SMALL ISLAND, BIG AIRPORT?
(AN OPEN LETTER TO ALL RESIDENTS OF LITTLE CAYMAN)
Please remain resolute against proposals to “upgrade” your air services. “Airport upgrade” can translate as “island downgrade”. Beware of spurious arguments – the present strip is private (so?) – the present strip is somehow illegal (really?) – you need jet service (why?).
On Cayman Brac, three “advances” have combined to bring us an ongoing litany of environmental damage. They are our longer runway, Boeing 737 jet service and international status. It’s going to get worse, but our sacrifices are bad enough already. Consider these:
1. “HAIRCUT” to the Westerly Ponds: The ponds have been shaved. Ducks like cover, but airports don’t like ducks. So on the runway side the pond vegetation has been completely stripped. Mangroves, Plopnut trees, Buttonwood trees, even Cattail, — all uprooted by heavy machinery.
2. “HAIRCUT” to our previously beautiful West End Community Park:
Take a walk around our “treed” park. The exercise course has pitiful tree cover now, and the newly dedicated Tree Identification Project is a mockery of its former self. Beautiful species have been trimmed to shoulder height, following the prescription for a low profile of trees and buildings beside an “international” runway.
Here’s what it looks like:
LIGHT POLLUTION : There are further problems associated with bigger airports. Don’t bother to look for stars if you’re near the airport. Airport rules result in a spoiled sky for star-watchers all night long, even when zero flights are scheduled. And if you live where many of us Brac residents live, don’t bother to look for stars in the west because they’ll be blotted out by airport light pollution.
CONCLUSION : A number of Brac residents love our 737 air service. (I prefer the short takeoff and landing aircraft myself. I’d rather land at 60 mph than double that speed.) But be careful what you wish for. It’s too late for us on the Brac . We sacrificed a lot, and we’re about to sacrifice more. The airport’s environmental boot mark is huge, like that of the rock quarry and the dump.

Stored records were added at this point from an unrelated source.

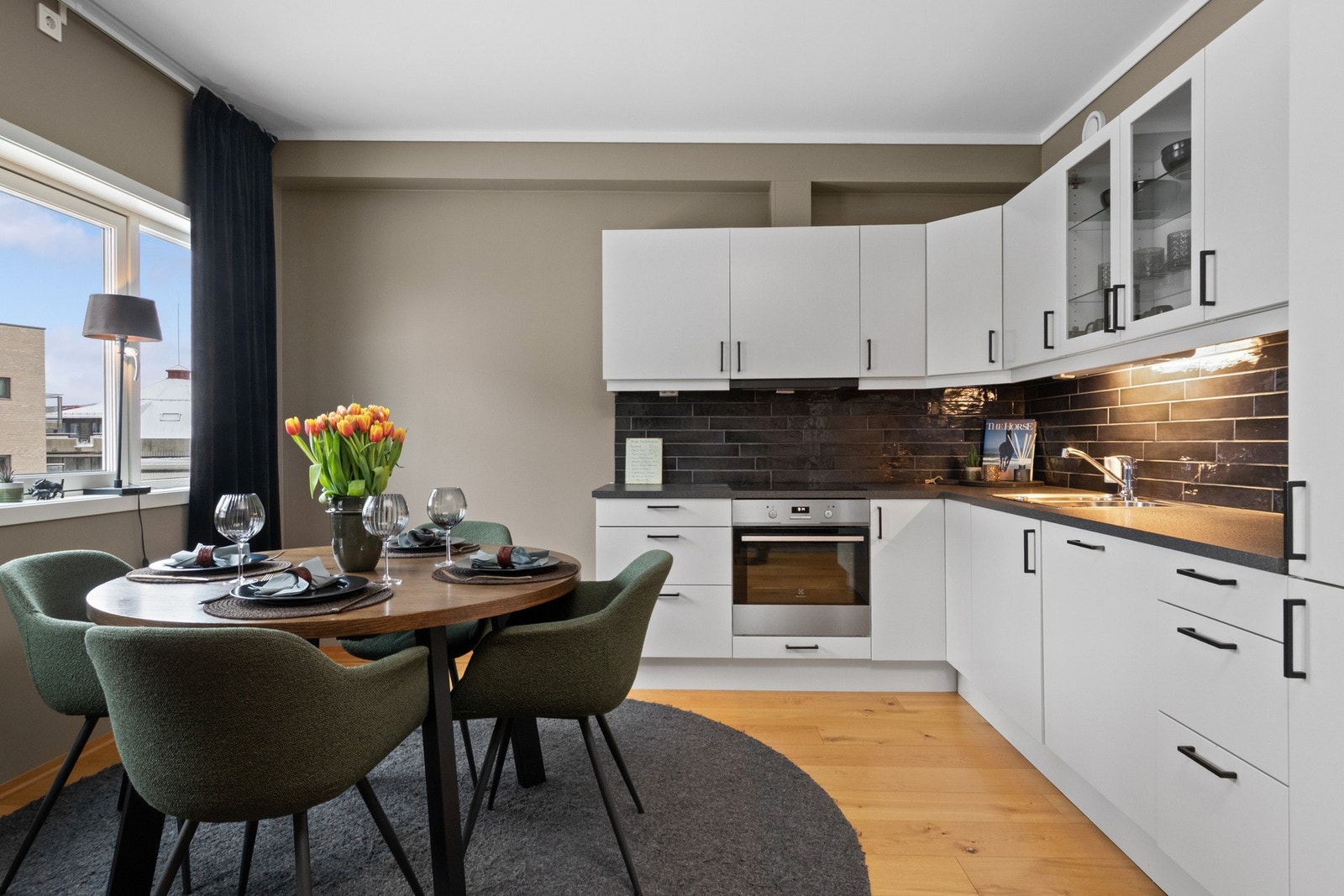 Tidløs kjøkkeninnredning hvor det er godt med skap og benkeplass Galleribilde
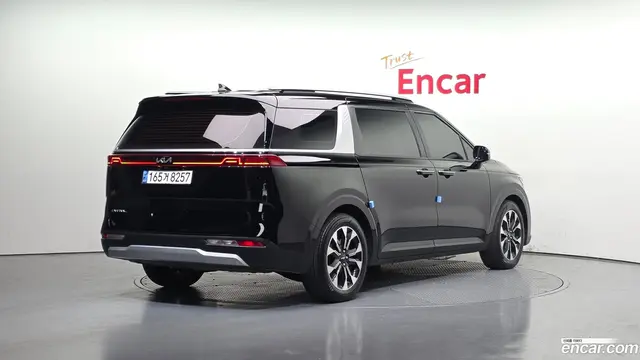 Main__Slider__Photo:Canival Kia 2022.10-1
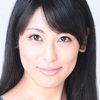 Airi Ootsu as Mai's Mother (voice)
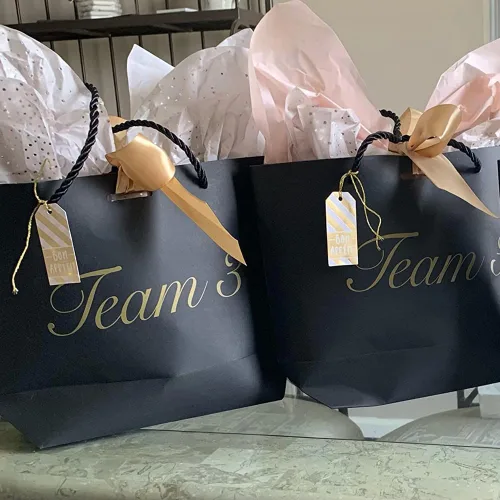 Vista 8 de Aosric Paquete de 12 bolsas de regalo negras con cinta de lazo, 7.48 x 3.54 x 7.9 pulgadas, elegante bolsa de regalo de cartulina pequeña con asas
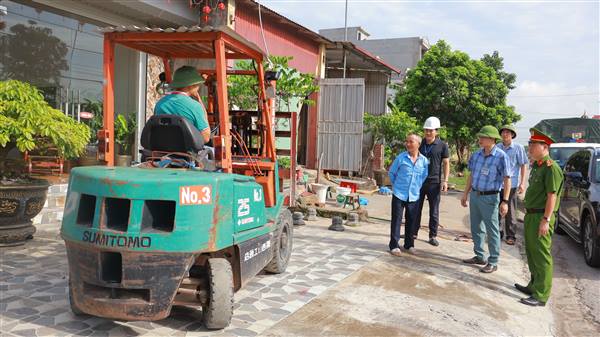 Xã Hợp Tiến kiểm tra, xử lý tình trạng lấn chiếm lòng đường, vỉa hè tại khu vực chợ La 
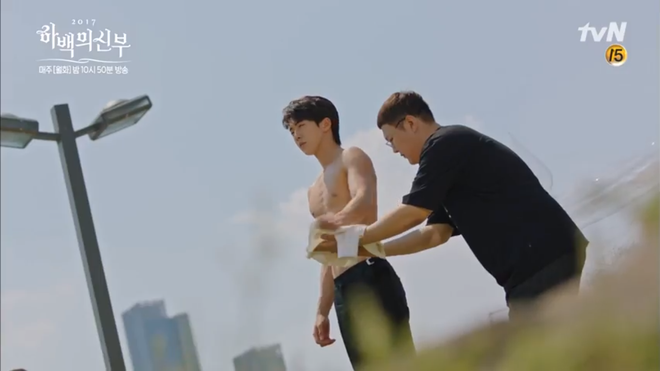 &ldquo;C&ocirc; D&acirc;u Thủy Thần&rdquo;: Nam Joo Hyuk l&agrave; H&agrave; B&aacute; nhưng lại biết bay, xịn chưa! - Ảnh 8.
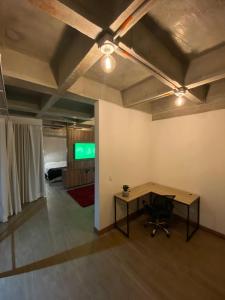 Art, design and urban life in Medellín loft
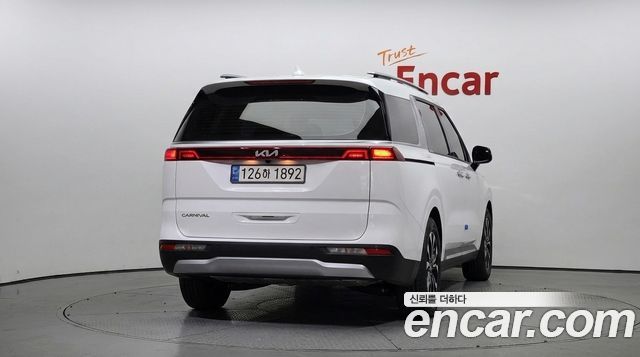 Kia Carnival (IV) Diesel 9-Seater Prestige 2022 — фото 4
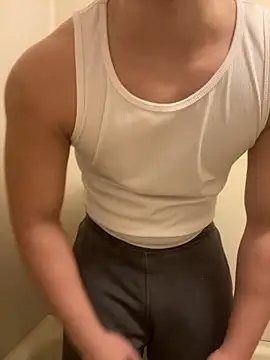 YU-KI00 online show from November 7, 9:45 am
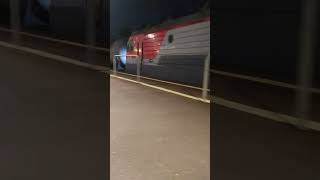 3ЭС4К-018 с грузовым поездом пролетает Белоостров #3эс4к #ржд #поезд #натуралальбертович #электровоз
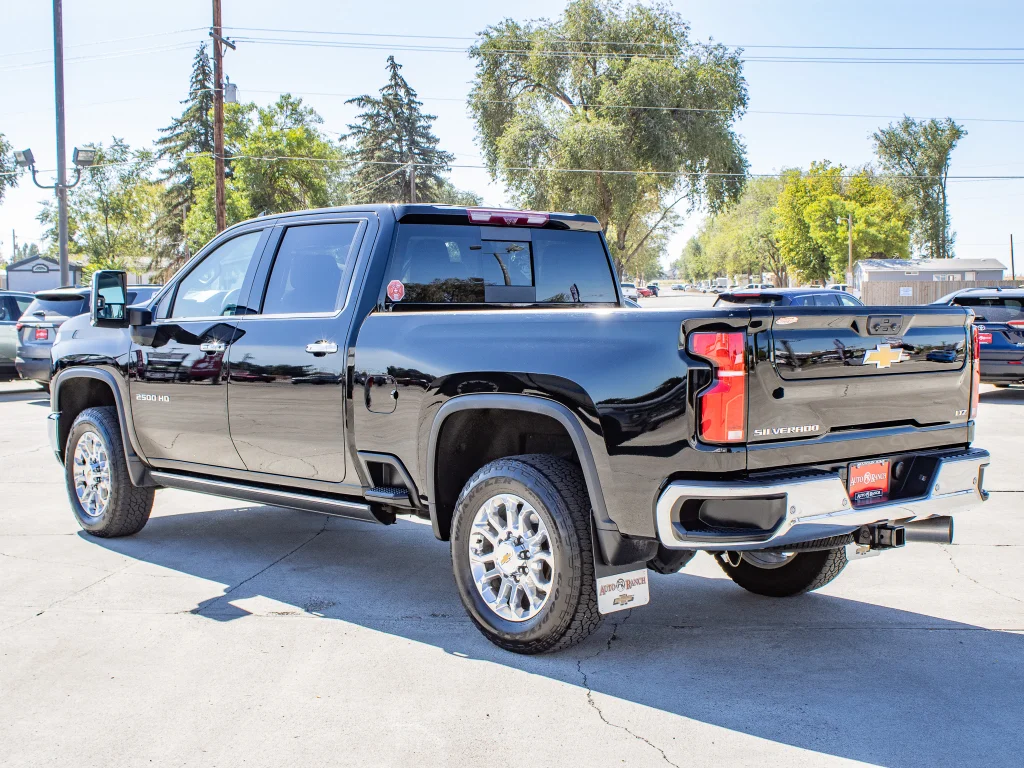 Used 2024 BLACK Chevrolet LTZ image 6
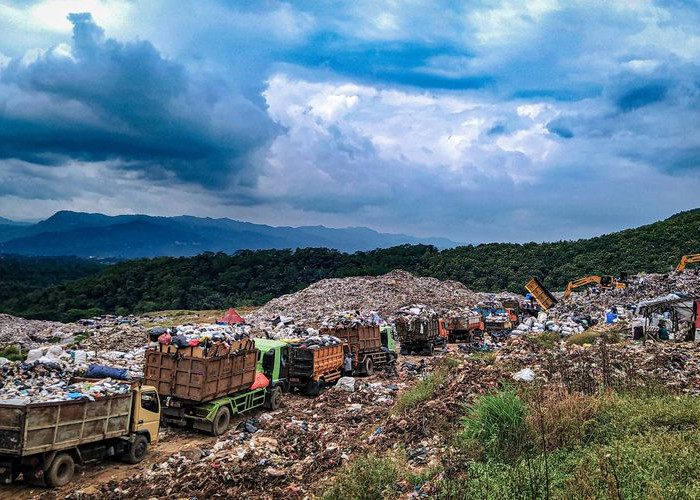 TPA Sarimukti Tak Muat Lagi Tampung Sampah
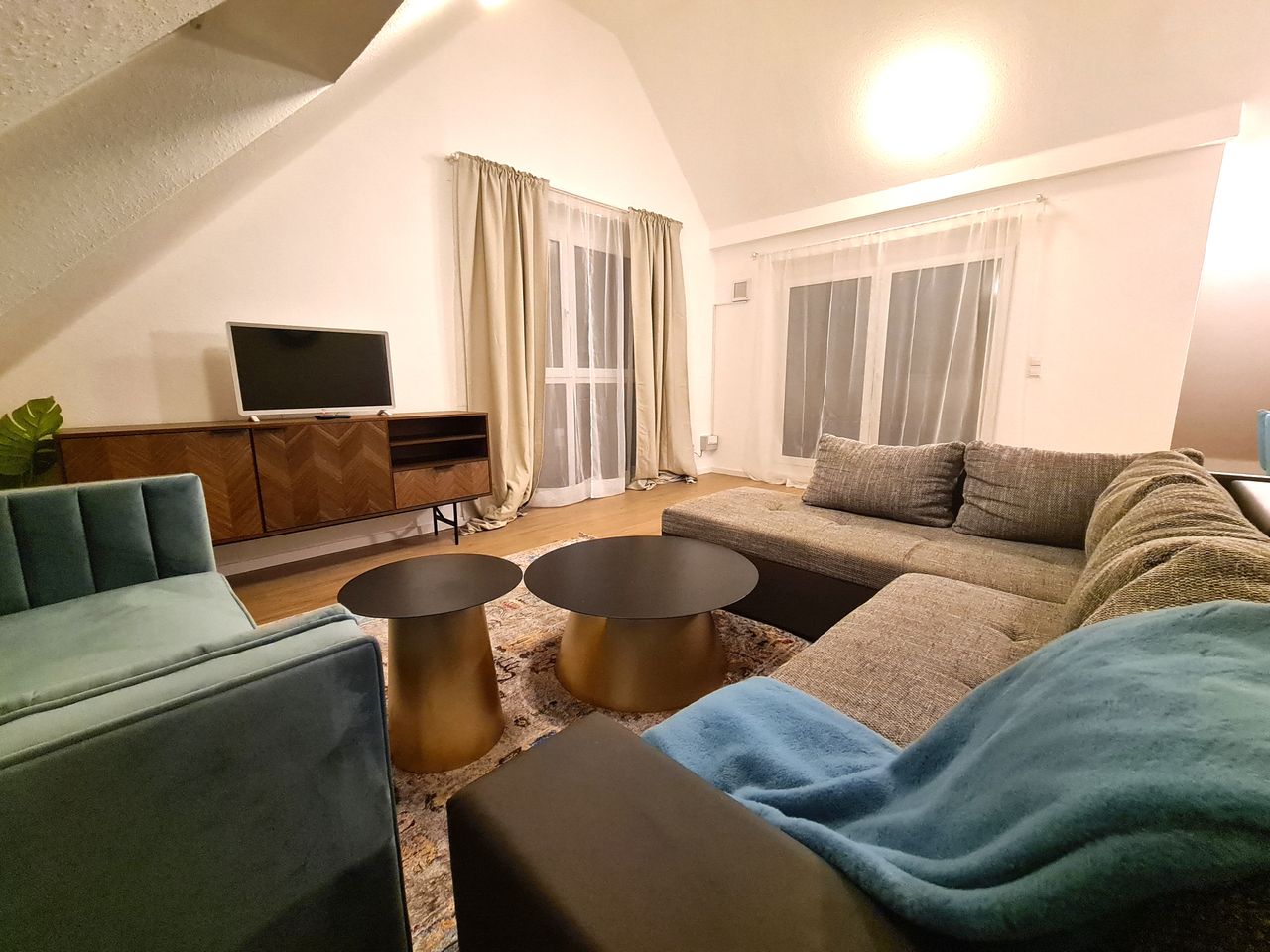 Beautiful, fully furnished and serviced apartment next to Patch Barracks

Too late for the Brac but I’m writing this for the benefit of Little Cayman. Don’t let promoters force mass tourism onto your island. Most LC residents and businesses are against jet service, a new airstrip and against mass tourism. Little Cayman, of the three Cayman Islands, is truly different. It is the quiet one. It is renowned for its Ramsar site and its outstanding preservation of natural values. It is an eco- tourism success story.
Little Cayman is the Cinderella of the Cayman Islands. Don’t turn it into an ugly sister.